COS 108-9 - Ecological feedbacks reveal disease can accelerate host evolution of lower resistance

Wednesday, August 9, 2017: 4:20 PM
D137, Oregon Convention Center
Jason M. Walsman, Alexander T. Strauss and Spencer R. Hall, Department of Biology, Indiana University, Bloomington, IN
Background/Question/Methods

Understanding the forces shaping disease epidemics in natural populations requires working in the eco-evolutionary intersection of disease ecology, consumer-resource dynamics, and susceptibility evolution. A tradeoff between host fecundity and susceptibility to infection creates tension for the evolution of hosts during epidemics. The feedback between disease ecology and susceptibility evolution determines the resolution of this tension. In the absence of disease, hosts should evolve high susceptibility due to the accompanying high fecundity. In the presence of disease, especially large epidemics, hosts are typically expected to evolve lower susceptibility. However, in some scenarios (i.e. smaller epidemics) they may still evolve higher susceptibility, if increased fecundity is more valuable than reduced infection risk. Thus, conventional wisdom predicts that epidemics should reverse the evolution of high susceptibility or at least mitigate and slow it. But how does the inclusion of consumer-resource dynamics shape the effect of epidemics on evolution of susceptibility to infection? Here, we test this hypothesis with non-equilibrium modeling and a mesocosm experiment featuring an algal resource and multiple genotypes of Daphnia dentifera hosts evolving in the presence or absence of parasites (Metschnikowia bicuspidata).
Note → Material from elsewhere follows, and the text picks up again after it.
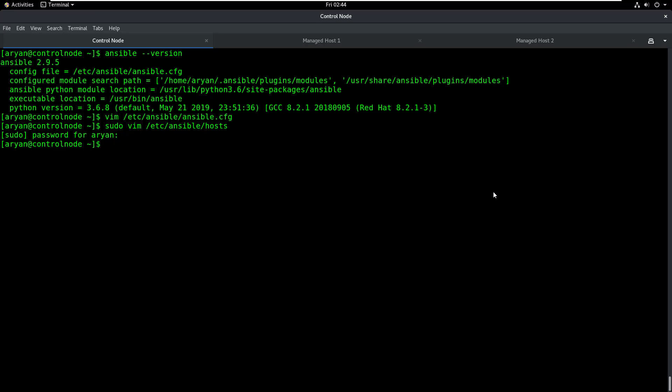Now once you have successfully entered the IP addresses into the inventory file, we can start using Ansible. Before we actually come to any practical, we need to understand some basic things.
In both model and experiment, hosts face a tradeoff between per-resource fecundity and susceptibility to infection.

Results/Conclusions

Inclusion of simple consumer-resource dynamics fundamentally alters the trajectory of host evolution during epidemics. Both the model and the mesocosms reveal the possibility of disease epidemics not only failing to mitigate susceptibility evolution, but instead accelerating evolution of high susceptibility. This can occur as disease epidemics increase host death rate and release resources in a parasite-driven trophic cascade. Host fecundity is resource-dependent so even a minor advantage in per-resource fecundity possessed by highly susceptible hosts is magnified by increased resources. This ecological feedback increases the strength and speed of selection for high susceptibility coupled with high per-resource fecundity. Thus, ecological feedbacks can drive faster evolution of high susceptibility during epidemics than in the absence of disease. Rapid host evolution is typically expected to moderate epidemics but these results caution that the exact opposite can occur and in a disease-accelerated fashion.